Don't get me wrong, I'm 100% behind using COTS stuff wherever possible, and setups with DRBD, et al, have worked very well for us in several locations. But there are some situations where it just doesn't (eg: SAN LUNs shared between multiple servers - unless you want to forego the performance benefits of write caching and DIY with multiple machines, DRBD and iscsi-target).

I'm not sure write-caching is that big a deal - your SAN will be caching
all the writes anyway. Granted, the cache will be about 0.05ms further
away than it would be on a local controller, but then again, the
clustering overheads will relegate that into the realm of irrelevance.
I have yet to see a shared-SAN file system that doesn't introduce
performance penalties big enough to make the ping time to SAN a drop
in the ocean.

I was actually thinking of the DIY-SAN scenario. Eg: you get a couple of 2U machines with a few TB of internal disk, mirror them with DRBD, then export the disk as an iSCSI target. Setup something (we used heartbeat) to failover between the two and voila, you have your own redundant iSCSI SAN.

Unfortunately you then can't get the best benefit from the dirt cheap gigabytes of RAM you can stuff into those machines for write caching, since there's no way to synchronise between the two - so if one machines dies there's data loss.

The same applies if you want to DIY an SMB or NFS NAS - either no write caching, or a high risk of data corruption.

(Unless I'm missing something ?)

Just being a devil's advocate. ;)

Me too, to a degree.
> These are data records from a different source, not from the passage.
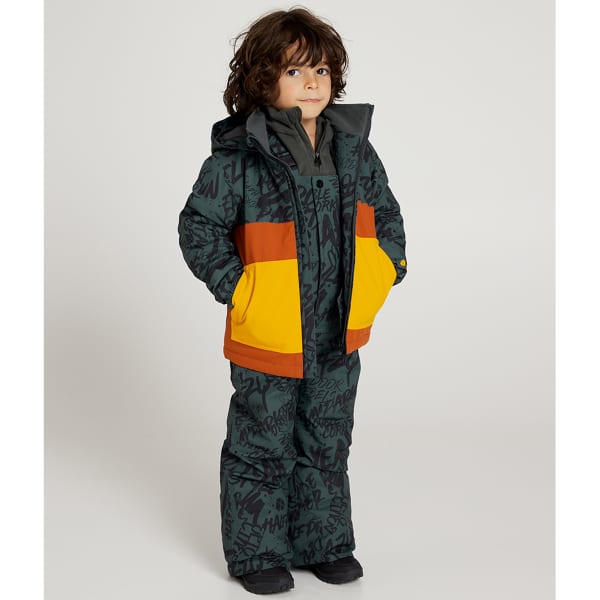 Veste de ski PROTEST PRTMATEO TD SNOWJACKET HUNTERGREEN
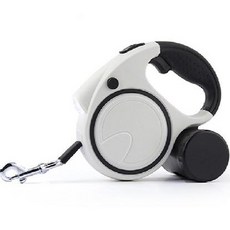 개과천선 강아지 LED light 자동 리드줄, 화이트, 1개 반려동물용품/펫티켓 산책용품 반품 최저가 14,680원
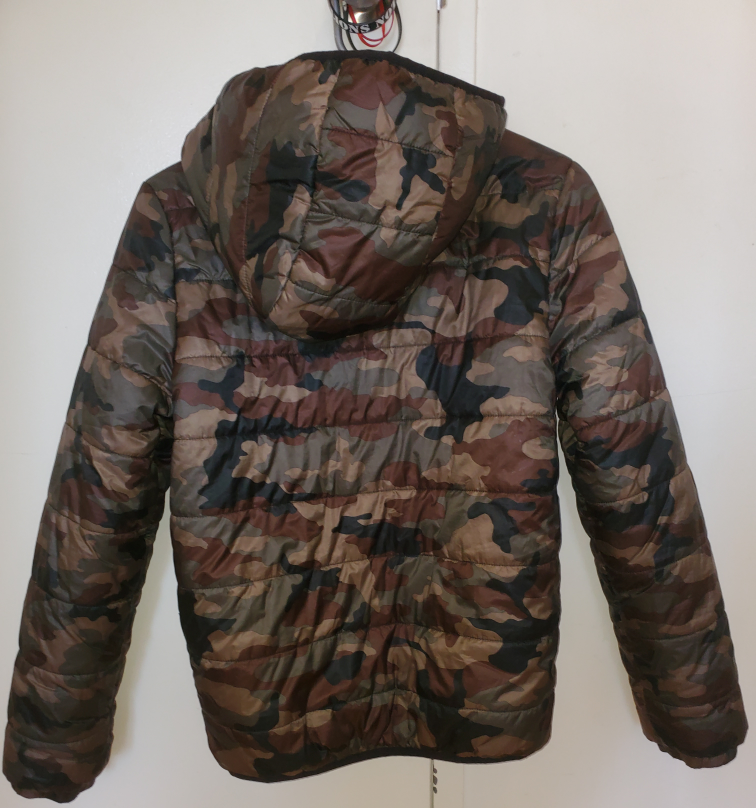 Joe Fresh Kids' Camo Puffer Jacket - XL (14-16) - photo 2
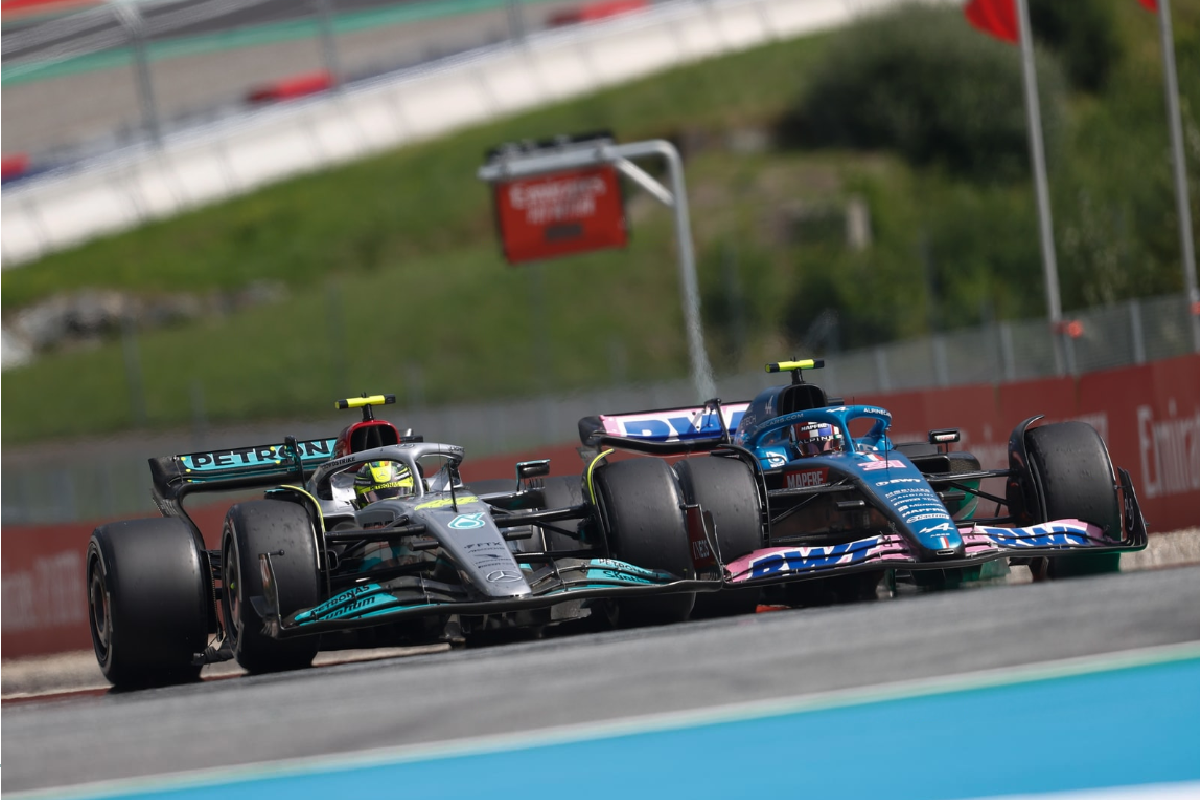 Lewis Hamilton: “Fue una gran recuperación para nosotros como equipo”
We have a couple of SANs, primarily to keep higher-ups feeling warm and fuzzy, and I'm not convinced any of them have delivered anything close to proportionally better performance and reliability than something we could have built ourselves.

With that said, I wouldn't want to be the guy who (for example) DIYed an NFS NAS to run crtical Oracle DBs on, when Oracle support comes back with "until you're running on supported storage, we won't help you with your Oracle problems".